■ **RECORDED INFORMATION**:
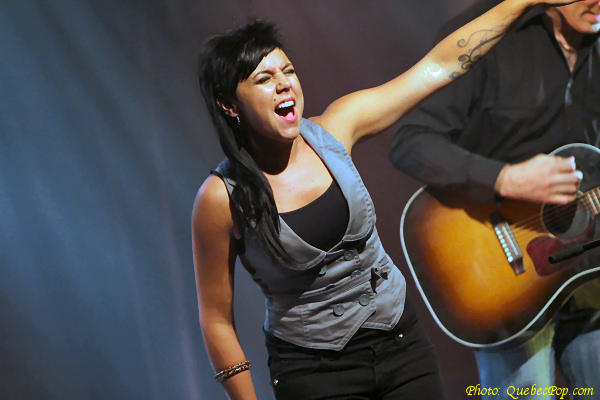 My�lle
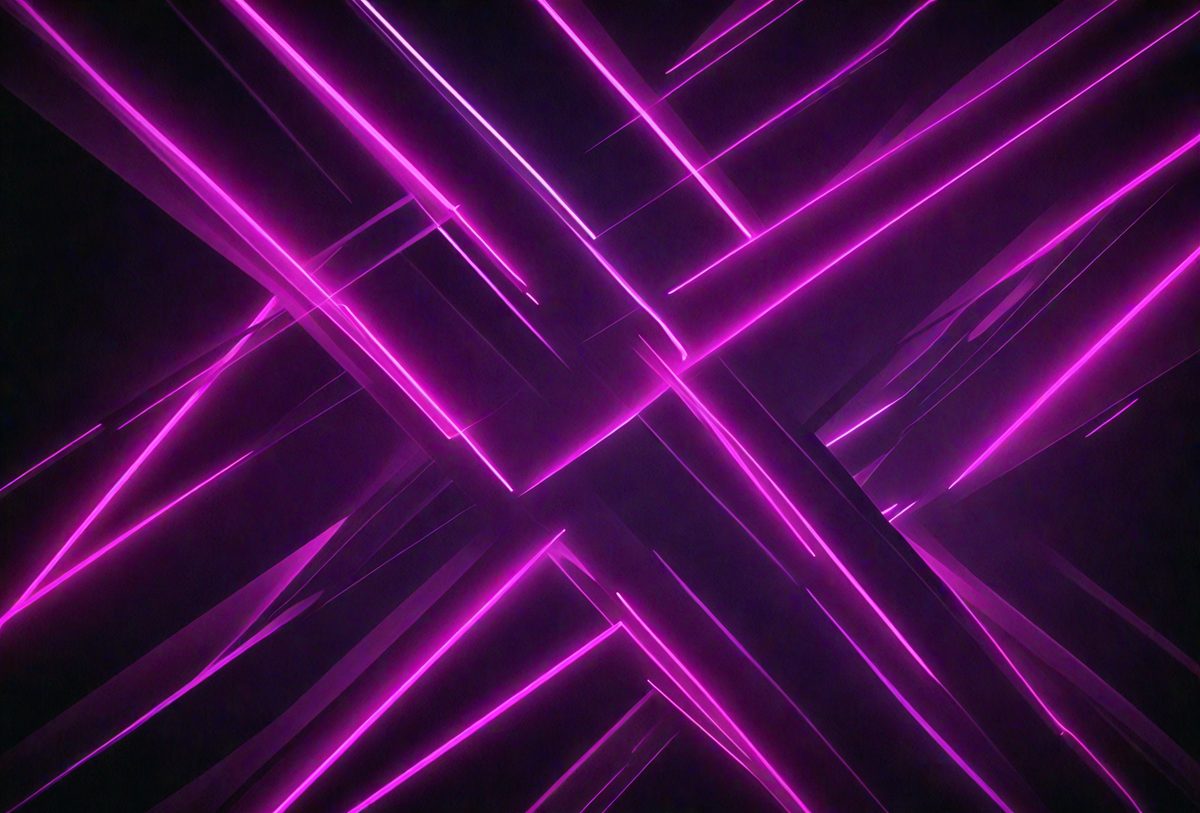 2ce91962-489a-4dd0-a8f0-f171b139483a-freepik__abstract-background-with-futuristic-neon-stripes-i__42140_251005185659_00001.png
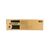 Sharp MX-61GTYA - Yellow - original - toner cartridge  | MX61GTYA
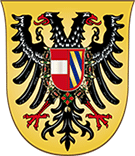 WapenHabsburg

■ **DIRECTIONS FOR THIS TASK**:
When copying the data above, repeat every word exactly and drop the pictures.

■ **WRITTEN REPLY**:
 My�lle
 2ce91962-489a-4dd0-a8f0-f171b139483a-freepik__abstract-background-with-futuristic-neon-stripes-i__42140_251005185659_00001.png
 Sharp MX-61GTYA - Yellow - original - toner cartridge  | MX61GTYA
 WapenHabsburg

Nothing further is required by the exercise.